Review of Dangerous EP by Karl Phillips and the Midnight Ramblers

Tinie Tempah, Wretch 32 and Chipmunk are three prime examples of the inexcusable condition mainstream rap music is currently experiencing. Whilst legends of the game such as Jehst and Dizzee Rascal still churn out decent releases and newcomers to the game, Lunar C and the rest of the Sinoptic label, are picking up where the classics left off. For a collective who describe themselves as a rap-cum-punk-cum-indie group then they could sound very good indeed, in truth however they could sound especially dire.
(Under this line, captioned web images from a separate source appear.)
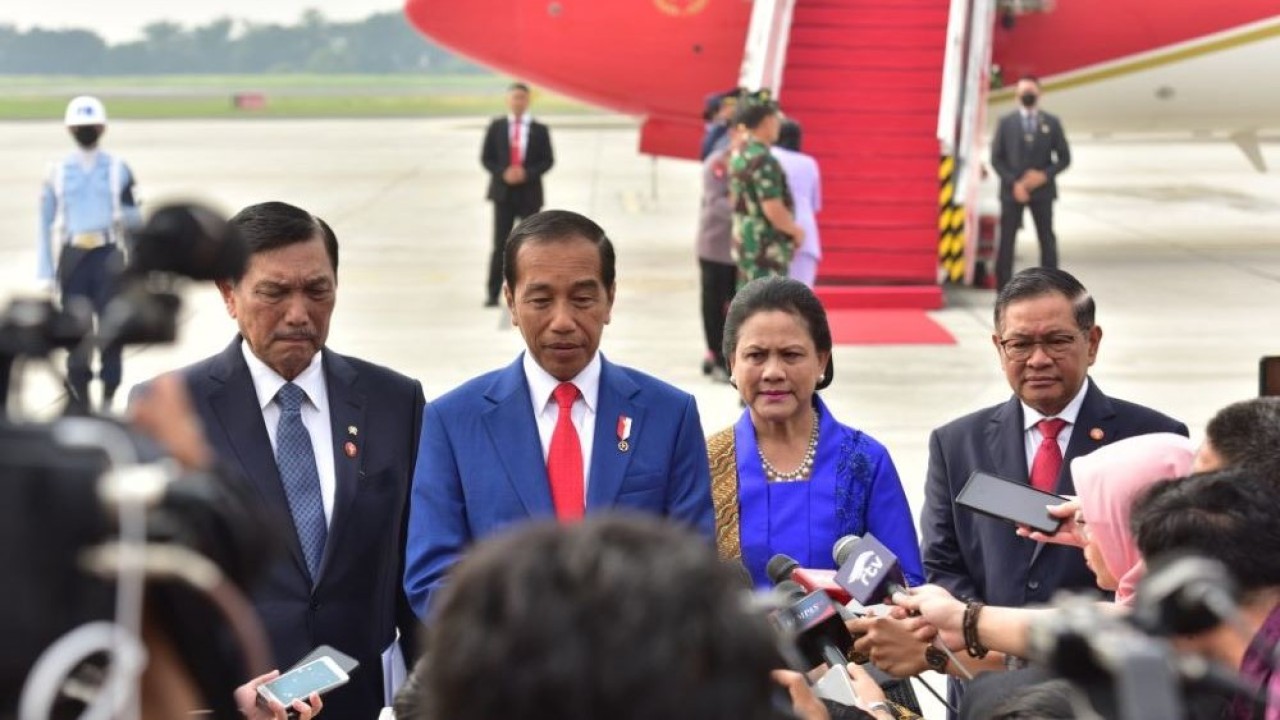 Presiden Joko Widodo (Jokowi) angkat bicara mengenai kasus yang melibatkan Menteri Komunikasi dan Informatika (Menkominfo) Johnny G. Plate. Kepala Negara memberikan keterangan pers, di Pangkalan TNI AU Halim Perdanakusuma, Jakarta, Jumat (19/05/2023). (Humas Setkab/Jay)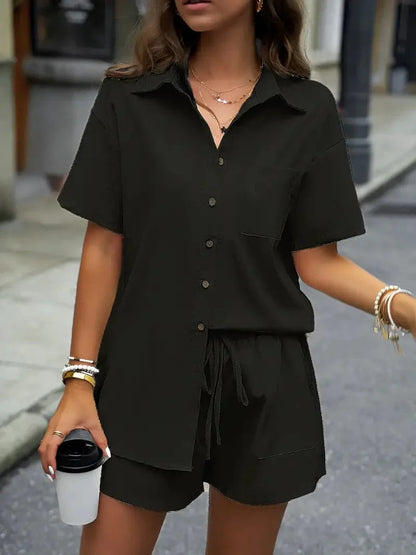 Women's Set - Short-Sleeved Shirt & Shorts - Relaxed Fit - Light & Breathable Fabric
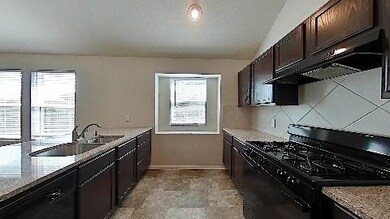 2923 Silverhorn Ln, Rosenberg, TX 77471 - photo 2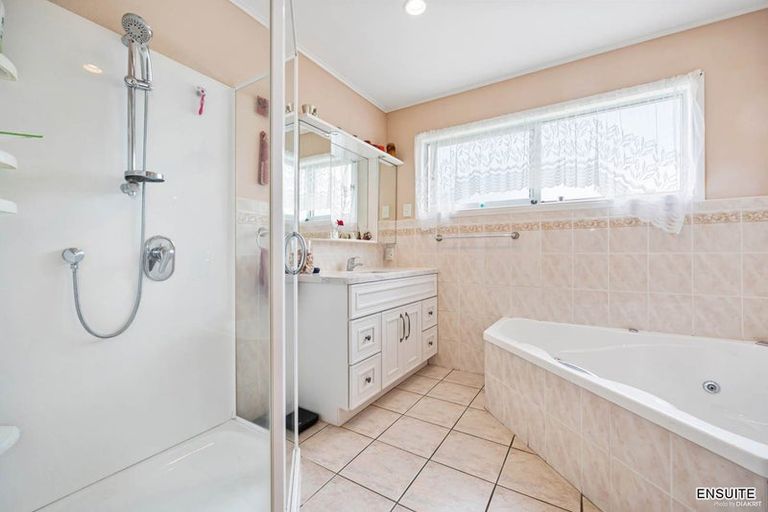 Photo of property in 16 Kurnell Drive, Botany Downs, Auckland, 2010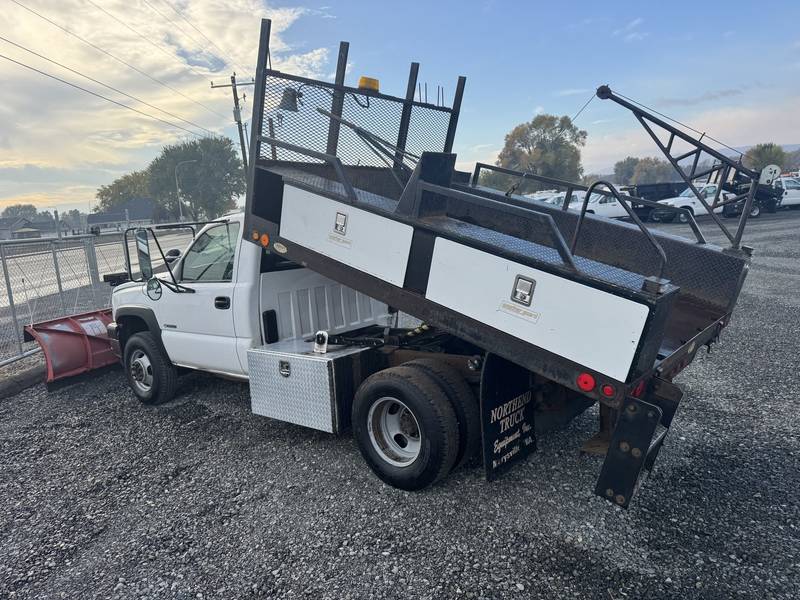 2006 Chevy 3500, 10 ft Flatbed W/Hoist, Front snow plow,  (CN 27)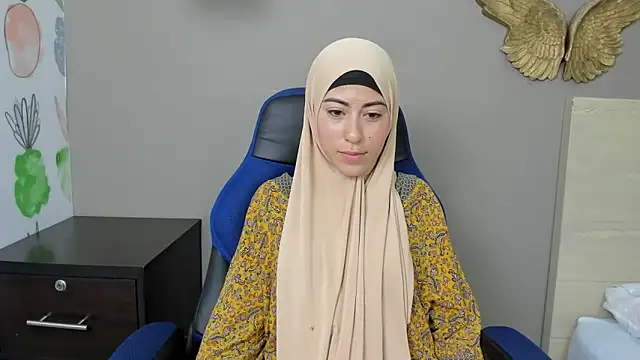 chaymae nah  online show from 12/05/24, 05:37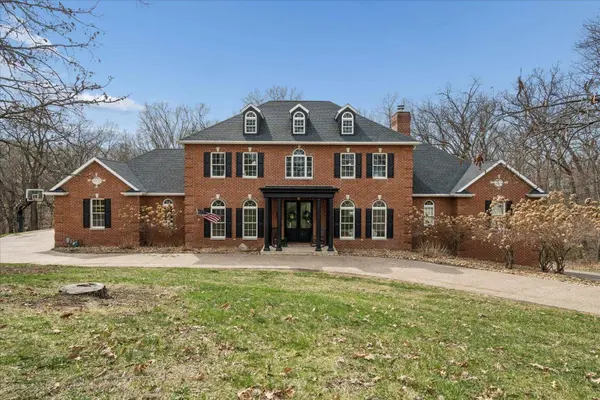 77 Roosevelt Drive, East Dubuque, IL 61025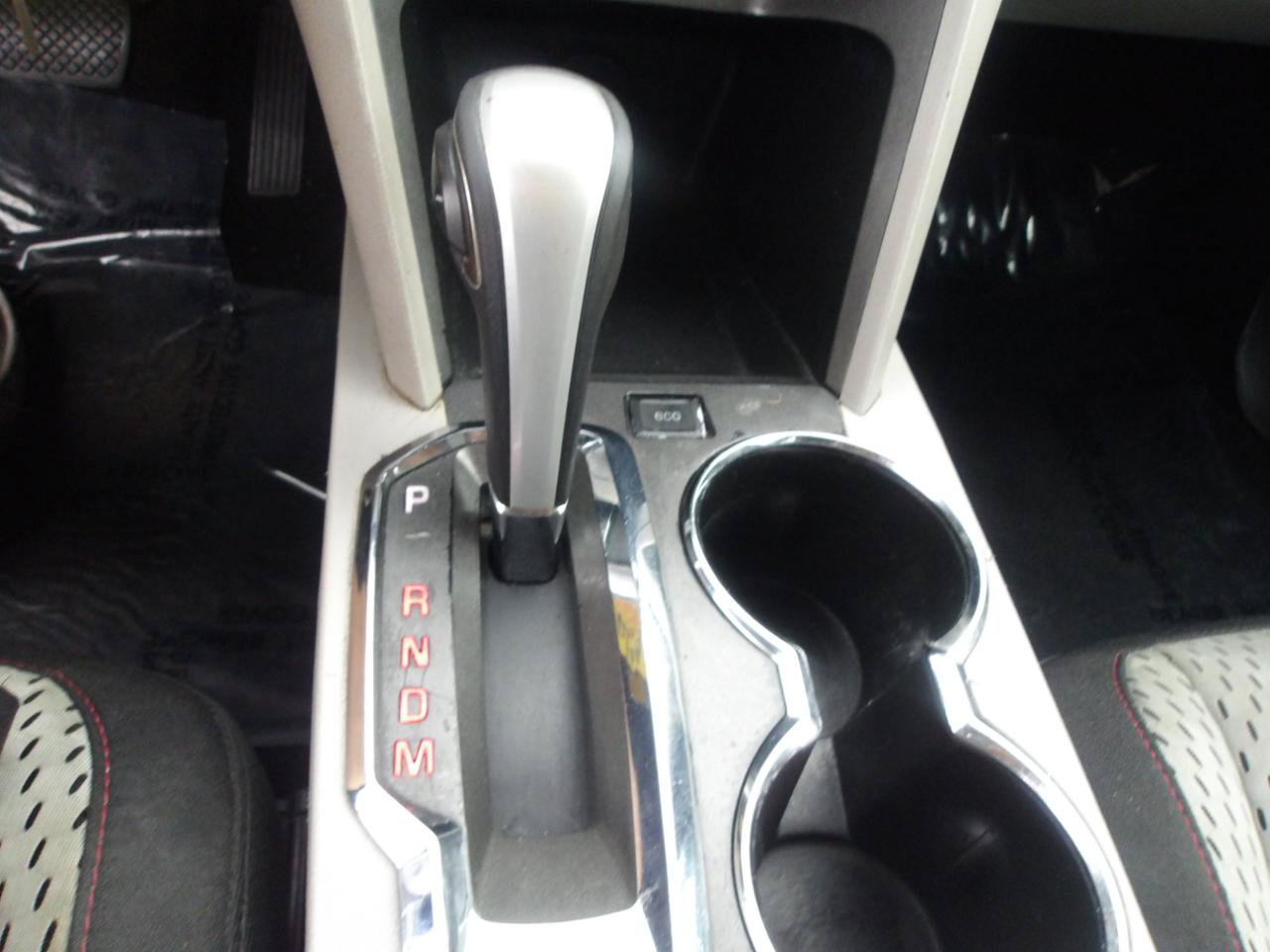 Used 2015 GMC Terrain SLE FWD image 25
The idea of mixing indie and punk is obviously a derivative idea, adding a rapper to the mix remains tragically unoriginal being a mainstay among parody groups (Hiphopapotamus v Rhymenocerous anyone?). So when I approached this album I was expecting at least a more elaborate Micky P Kerr, what with Phillips' accompanying Midnight Ramblers. Whilst the group have an apparently frivolous outlook on the work, you can't help but imagine that the group consider themselves a provocative and contemporary act, they really aren't.

Karl Phillips and the Midnight Ramblers Dangerous EP

Lead single 'Dangerous' featuring an uninspired Sabrina Altan, is the kind of lacklustre electro-pop that would make Example proud. When Hadouken! achieved moderate fame some years ago it was mostly down to the buying power possessed by middle class teen scensters, Phillips and his Ramblers will no doubt be capitalising on the same key demographic. Whilst the EP has some upsides, the backing from the Ramblers on 'Stabby Joe' and 'Nervous' is mediocre; the bass-line on 'Nervous' in particular is one of the highlights of the album. Other than that however the only other bonus is that at almost fifteen minutes the anguish doesn't last long.